Task requirements: For the listing below, return the line containing "1-3/8 in. Bathtub", the line containing "Kız Bebek Beli Lastikli İspanyol Paça Tayt", and all lines in between, exactly as written and nothing else.

Extracted entries:
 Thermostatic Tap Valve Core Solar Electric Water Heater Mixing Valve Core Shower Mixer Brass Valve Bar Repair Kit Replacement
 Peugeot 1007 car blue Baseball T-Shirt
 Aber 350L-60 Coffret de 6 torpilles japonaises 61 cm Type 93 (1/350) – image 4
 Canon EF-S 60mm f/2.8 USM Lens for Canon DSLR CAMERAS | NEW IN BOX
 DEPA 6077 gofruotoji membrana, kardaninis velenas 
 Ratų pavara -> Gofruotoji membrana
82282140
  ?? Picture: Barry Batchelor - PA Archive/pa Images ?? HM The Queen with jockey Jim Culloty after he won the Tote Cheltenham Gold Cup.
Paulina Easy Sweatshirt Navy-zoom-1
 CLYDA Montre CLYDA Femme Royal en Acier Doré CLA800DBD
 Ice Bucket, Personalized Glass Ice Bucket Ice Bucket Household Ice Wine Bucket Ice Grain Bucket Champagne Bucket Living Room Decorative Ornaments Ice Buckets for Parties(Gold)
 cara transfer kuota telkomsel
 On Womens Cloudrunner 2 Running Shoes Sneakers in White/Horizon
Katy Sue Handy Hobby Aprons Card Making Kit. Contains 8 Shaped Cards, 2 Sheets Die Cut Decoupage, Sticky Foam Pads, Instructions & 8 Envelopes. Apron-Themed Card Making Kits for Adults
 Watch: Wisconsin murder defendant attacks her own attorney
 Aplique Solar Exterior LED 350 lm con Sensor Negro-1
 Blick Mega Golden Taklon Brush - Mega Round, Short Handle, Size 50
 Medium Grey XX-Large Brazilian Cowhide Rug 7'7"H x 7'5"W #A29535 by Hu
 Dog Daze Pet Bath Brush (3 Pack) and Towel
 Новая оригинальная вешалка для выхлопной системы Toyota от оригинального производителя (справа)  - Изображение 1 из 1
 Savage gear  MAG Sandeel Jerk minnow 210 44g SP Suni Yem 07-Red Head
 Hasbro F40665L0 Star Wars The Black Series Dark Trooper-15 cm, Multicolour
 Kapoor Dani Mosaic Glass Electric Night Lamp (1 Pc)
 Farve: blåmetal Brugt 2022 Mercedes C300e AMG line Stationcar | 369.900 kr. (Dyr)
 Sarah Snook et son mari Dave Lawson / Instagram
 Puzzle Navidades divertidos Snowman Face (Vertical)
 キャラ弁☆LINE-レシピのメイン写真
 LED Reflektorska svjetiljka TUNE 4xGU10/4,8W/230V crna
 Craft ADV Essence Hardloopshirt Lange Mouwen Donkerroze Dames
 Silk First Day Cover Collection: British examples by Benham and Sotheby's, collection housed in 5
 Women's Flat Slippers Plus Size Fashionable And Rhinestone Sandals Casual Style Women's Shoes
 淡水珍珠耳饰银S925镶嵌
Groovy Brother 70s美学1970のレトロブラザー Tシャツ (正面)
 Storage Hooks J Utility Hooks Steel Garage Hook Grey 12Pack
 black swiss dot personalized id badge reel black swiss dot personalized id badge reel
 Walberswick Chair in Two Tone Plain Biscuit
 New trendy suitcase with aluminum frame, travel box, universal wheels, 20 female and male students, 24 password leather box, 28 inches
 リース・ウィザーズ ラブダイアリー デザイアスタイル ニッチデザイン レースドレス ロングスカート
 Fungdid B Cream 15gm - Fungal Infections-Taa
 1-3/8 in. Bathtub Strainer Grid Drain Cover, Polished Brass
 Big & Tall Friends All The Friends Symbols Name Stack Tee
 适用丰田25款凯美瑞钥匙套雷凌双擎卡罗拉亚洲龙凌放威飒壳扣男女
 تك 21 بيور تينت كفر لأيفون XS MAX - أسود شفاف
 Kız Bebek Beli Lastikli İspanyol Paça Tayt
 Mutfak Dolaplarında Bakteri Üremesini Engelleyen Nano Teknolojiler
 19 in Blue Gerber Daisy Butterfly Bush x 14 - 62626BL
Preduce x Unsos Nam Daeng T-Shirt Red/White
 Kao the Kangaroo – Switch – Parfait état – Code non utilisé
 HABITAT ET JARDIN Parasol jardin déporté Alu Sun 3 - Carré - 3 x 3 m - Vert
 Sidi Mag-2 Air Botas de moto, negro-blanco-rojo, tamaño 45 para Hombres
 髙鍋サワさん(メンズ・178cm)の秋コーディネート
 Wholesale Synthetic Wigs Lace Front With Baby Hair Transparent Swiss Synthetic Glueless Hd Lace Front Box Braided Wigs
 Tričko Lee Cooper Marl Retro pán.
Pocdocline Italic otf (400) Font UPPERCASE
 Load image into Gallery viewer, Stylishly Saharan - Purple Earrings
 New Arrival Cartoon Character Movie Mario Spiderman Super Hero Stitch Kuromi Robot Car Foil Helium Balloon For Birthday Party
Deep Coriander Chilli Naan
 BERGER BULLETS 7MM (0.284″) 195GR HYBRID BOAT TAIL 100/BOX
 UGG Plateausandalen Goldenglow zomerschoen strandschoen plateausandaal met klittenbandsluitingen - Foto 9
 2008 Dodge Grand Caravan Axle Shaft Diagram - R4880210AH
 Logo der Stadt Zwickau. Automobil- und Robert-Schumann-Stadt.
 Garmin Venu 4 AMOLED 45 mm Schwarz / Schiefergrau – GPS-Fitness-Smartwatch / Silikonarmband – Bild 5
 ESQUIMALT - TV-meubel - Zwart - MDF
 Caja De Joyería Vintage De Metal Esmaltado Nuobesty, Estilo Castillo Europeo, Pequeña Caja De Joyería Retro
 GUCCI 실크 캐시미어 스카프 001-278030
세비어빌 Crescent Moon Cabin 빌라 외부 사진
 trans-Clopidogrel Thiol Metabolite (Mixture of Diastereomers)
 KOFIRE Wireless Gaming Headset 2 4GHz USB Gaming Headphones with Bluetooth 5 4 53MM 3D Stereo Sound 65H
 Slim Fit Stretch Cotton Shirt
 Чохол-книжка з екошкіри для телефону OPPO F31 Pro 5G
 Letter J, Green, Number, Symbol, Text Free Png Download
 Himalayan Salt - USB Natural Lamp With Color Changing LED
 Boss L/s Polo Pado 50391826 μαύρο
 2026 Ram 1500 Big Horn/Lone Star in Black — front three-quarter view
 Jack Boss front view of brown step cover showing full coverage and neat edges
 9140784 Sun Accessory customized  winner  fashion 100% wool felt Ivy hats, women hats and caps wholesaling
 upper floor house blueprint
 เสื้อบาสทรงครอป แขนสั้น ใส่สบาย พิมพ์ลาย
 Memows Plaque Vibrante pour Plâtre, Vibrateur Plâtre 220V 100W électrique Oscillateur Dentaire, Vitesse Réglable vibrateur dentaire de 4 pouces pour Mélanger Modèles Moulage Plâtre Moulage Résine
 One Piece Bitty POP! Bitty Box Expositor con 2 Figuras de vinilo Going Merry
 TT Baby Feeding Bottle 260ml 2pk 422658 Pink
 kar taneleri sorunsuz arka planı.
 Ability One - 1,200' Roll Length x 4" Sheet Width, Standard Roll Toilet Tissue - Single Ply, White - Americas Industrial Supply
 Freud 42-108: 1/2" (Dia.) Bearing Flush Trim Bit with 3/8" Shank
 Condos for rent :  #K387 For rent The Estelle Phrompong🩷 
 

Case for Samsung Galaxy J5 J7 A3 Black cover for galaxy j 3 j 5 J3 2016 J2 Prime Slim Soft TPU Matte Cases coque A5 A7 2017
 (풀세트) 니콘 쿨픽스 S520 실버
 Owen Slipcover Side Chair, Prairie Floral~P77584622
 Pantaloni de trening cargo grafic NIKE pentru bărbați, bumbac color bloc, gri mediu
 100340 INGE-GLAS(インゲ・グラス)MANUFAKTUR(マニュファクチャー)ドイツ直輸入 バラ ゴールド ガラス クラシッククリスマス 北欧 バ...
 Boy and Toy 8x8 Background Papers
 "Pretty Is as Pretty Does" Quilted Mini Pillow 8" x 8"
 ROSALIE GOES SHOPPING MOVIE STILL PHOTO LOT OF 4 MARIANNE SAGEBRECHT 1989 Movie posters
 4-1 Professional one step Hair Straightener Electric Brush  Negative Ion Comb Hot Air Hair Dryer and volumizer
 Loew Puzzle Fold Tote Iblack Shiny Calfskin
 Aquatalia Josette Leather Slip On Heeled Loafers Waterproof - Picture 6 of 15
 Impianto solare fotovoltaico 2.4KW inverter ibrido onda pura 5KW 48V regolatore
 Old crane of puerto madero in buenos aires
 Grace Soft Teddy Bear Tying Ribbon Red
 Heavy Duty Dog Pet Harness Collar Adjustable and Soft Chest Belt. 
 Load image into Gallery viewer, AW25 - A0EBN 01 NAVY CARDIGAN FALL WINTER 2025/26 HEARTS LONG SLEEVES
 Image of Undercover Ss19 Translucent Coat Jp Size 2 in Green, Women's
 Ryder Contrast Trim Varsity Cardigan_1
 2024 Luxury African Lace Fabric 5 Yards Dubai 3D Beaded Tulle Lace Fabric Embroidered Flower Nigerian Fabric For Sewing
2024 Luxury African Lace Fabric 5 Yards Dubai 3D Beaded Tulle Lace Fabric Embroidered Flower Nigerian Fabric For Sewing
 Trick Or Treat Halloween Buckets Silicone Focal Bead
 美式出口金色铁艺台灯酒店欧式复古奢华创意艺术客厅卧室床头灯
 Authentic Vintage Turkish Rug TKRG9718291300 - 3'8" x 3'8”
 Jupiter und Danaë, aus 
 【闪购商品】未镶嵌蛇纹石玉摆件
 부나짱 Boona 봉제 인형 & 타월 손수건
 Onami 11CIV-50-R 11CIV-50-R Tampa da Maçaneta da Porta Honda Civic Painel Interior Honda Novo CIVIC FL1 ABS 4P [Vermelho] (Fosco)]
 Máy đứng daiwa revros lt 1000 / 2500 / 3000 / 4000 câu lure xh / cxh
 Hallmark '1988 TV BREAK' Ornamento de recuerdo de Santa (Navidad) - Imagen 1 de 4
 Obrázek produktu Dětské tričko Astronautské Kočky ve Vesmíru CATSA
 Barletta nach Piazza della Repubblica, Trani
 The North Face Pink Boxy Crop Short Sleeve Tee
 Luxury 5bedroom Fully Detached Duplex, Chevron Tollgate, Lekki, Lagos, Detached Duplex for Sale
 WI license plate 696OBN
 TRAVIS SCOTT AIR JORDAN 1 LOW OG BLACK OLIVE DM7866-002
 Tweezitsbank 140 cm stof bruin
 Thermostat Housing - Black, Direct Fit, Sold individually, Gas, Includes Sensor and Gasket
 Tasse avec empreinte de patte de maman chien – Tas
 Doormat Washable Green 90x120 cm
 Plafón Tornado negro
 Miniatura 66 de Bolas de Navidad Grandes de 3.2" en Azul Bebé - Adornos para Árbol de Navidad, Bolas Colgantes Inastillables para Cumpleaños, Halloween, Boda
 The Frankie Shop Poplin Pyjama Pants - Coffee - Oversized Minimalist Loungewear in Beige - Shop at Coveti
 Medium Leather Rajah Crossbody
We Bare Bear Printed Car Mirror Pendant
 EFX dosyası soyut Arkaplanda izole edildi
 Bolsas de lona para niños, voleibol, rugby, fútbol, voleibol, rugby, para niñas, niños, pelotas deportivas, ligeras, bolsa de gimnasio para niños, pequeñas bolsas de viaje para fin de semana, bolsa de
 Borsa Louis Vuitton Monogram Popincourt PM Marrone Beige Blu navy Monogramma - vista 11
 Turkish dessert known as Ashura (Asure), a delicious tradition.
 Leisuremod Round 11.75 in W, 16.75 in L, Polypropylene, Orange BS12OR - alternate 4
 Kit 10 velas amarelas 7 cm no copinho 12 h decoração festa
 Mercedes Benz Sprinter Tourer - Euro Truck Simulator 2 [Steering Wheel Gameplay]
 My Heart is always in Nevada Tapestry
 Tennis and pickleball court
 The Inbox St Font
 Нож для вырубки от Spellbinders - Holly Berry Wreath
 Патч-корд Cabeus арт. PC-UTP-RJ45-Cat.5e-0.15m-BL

Completed task:
 1-3/8 in. Bathtub Strainer Grid Drain Cover, Polished Brass
 Big & Tall Friends All The Friends Symbols Name Stack Tee
 适用丰田25款凯美瑞钥匙套雷凌双擎卡罗拉亚洲龙凌放威飒壳扣男女
 تك 21 بيور تينت كفر لأيفون XS MAX - أسود شفاف
 Kız Bebek Beli Lastikli İspanyol Paça Tayt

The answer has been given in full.